We are now looking for papers for a Session on Cross-Disciplinary Issues for Food Governance: Challenges and Opportunities for the ECPR General Conference 2015, Montreal
Yet, the interconnectedness of relevant policy domains means that food represents a policy challenge as well as a governance challenge at multiple levels (i.e., local, national, international, multinational) and scales (from global discussion about food security and supply, to local water management; from acute problems to looming catastrophes). All these linkages and cross-overs pose challenges to state actors, civil society, and the private sector. There is a need to setup cross-boundary governance arrangements between traditional institutions and administrative competences, but also expand analysis of possible gaps between institutions, deadlocks, miscommunication or the lack of coordination.
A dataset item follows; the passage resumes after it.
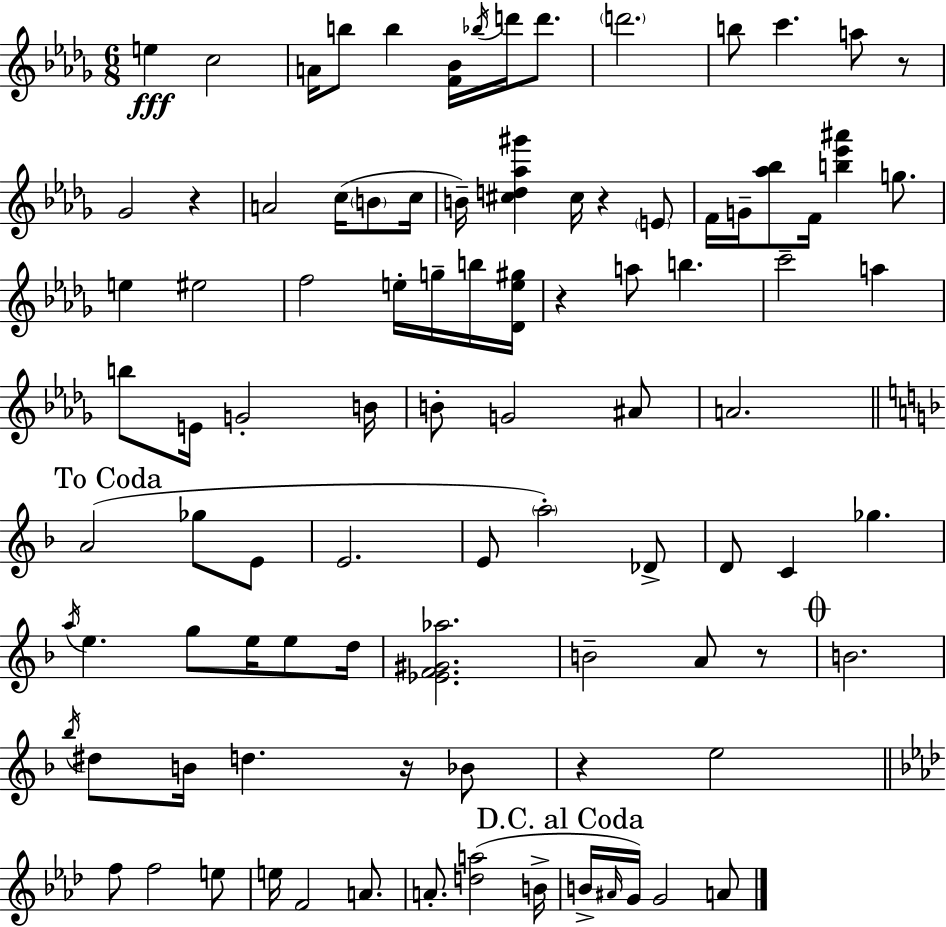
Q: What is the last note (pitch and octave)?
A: A4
In this section we explore a variety of issues that arise when working towards integrated food policies. We welcome paper proposals that analyse cross-policy and governance issues related to food and agriculture.
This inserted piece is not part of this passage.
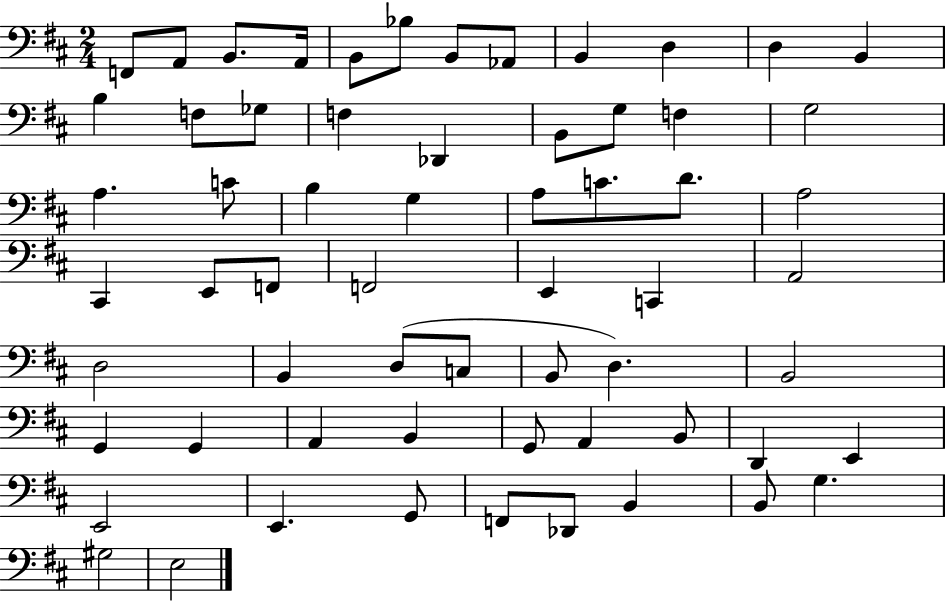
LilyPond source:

We propose the following panels:
1. Governing food policy at the nexus: Jessica Duncan (Wageningen University) and Gerard Breeman, (Wageningen University)
A scientifically-framed nexus of threats, marked by a perfect storm of environmental challenges, has recently attracted attention across in global governance regimes. There has been widespread agreement on the need for greater coordination and coherence in governance arrangement to address these challenges, but integration has been weak in practice. This panel seeks papers that interrogate the governance environment and identify the challenges and opportunities at the intersection of food security, energy, finance, natural resources and climate change governance.
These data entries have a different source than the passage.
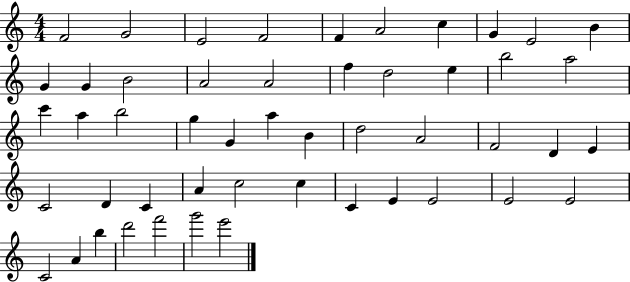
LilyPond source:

{
  \clef treble
  \numericTimeSignature
  \time 4/4
  \key c \major
  f'2 g'2 | e'2 f'2 | f'4 a'2 c''4 | g'4 e'2 b'4 | \break g'4 g'4 b'2 | a'2 a'2 | f''4 d''2 e''4 | b''2 a''2 | \break c'''4 a''4 b''2 | g''4 g'4 a''4 b'4 | d''2 a'2 | f'2 d'4 e'4 | \break c'2 d'4 c'4 | a'4 c''2 c''4 | c'4 e'4 e'2 | e'2 e'2 | \break c'2 a'4 b''4 | d'''2 f'''2 | g'''2 e'''2 | \bar "|."
}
2. Changes and transformations in global coordination for food security: Matthieu Brun (IDDRI) and Sébastien Treyer (IDDRI Science Po)
The 2008/2009 food price crisis highlighted an urgent need for a global coordination on food security. There have been initiatives to coherently define food security as a global public good or a global commons. Since the food crisis the fragmented global governance of food security has seen institutional and procedural changes. Nation States claims that food security is a matter of sovereignty, are questioned by various stakeholders, emerging initiatives, and new partnerships. Civil Society Organisations have gained space through the development of inclusive approaches in global governance and are investing in different political arenas to promote their vision to achieve food security and establish inclusive agricultural at regional and national levels. Transnational corporations and private sector are expected to play a key role in the development agenda, especially in agriculture. This panel aims at analysing transformations in the food security governance; the emerging arrangements, their accountability mechanisms, and the new power relations resulting from such changes and the opportunities to rethink food systems in relation to issues such as climate change, sustainable development, and the financial crisis.
3. Food System Governance: Katrien Termeer (Wageningen University) and John Ingram (Oxford University)
Much of the food security debate used to centre on food production and developing countries. Scholars and policymakers, however increasingly request a broader and more integrated approach. The food system concept for instance, aims to understand the interconnected relationships between: various activities ; various food security outcomes , various scales, and various socio-economic and environmental constraints and impacts. This broader perspective enhances new governance challenges, due in part, to the inherent fragmented institutional structure of the food system, characterized by predefined jurisdictional scales, compartmentalisation of policy domains and separated public and private spheres. The current governance institutions strengthen the food system but they also hinder it, because there are too few linkages, the short term dominates the long term; or they provide too little flexibility. Governance arrangements are challenged to cross these historically entrenched institutional boundaries, that allocate power relationships and resources, and that represent dominant beliefs, roles and rules. We welcome theoretical papers contributing to the understanding of food system governance, and empirical papers (from developing and developed countries) that analyse promising governance arrangements based on a food system perspective.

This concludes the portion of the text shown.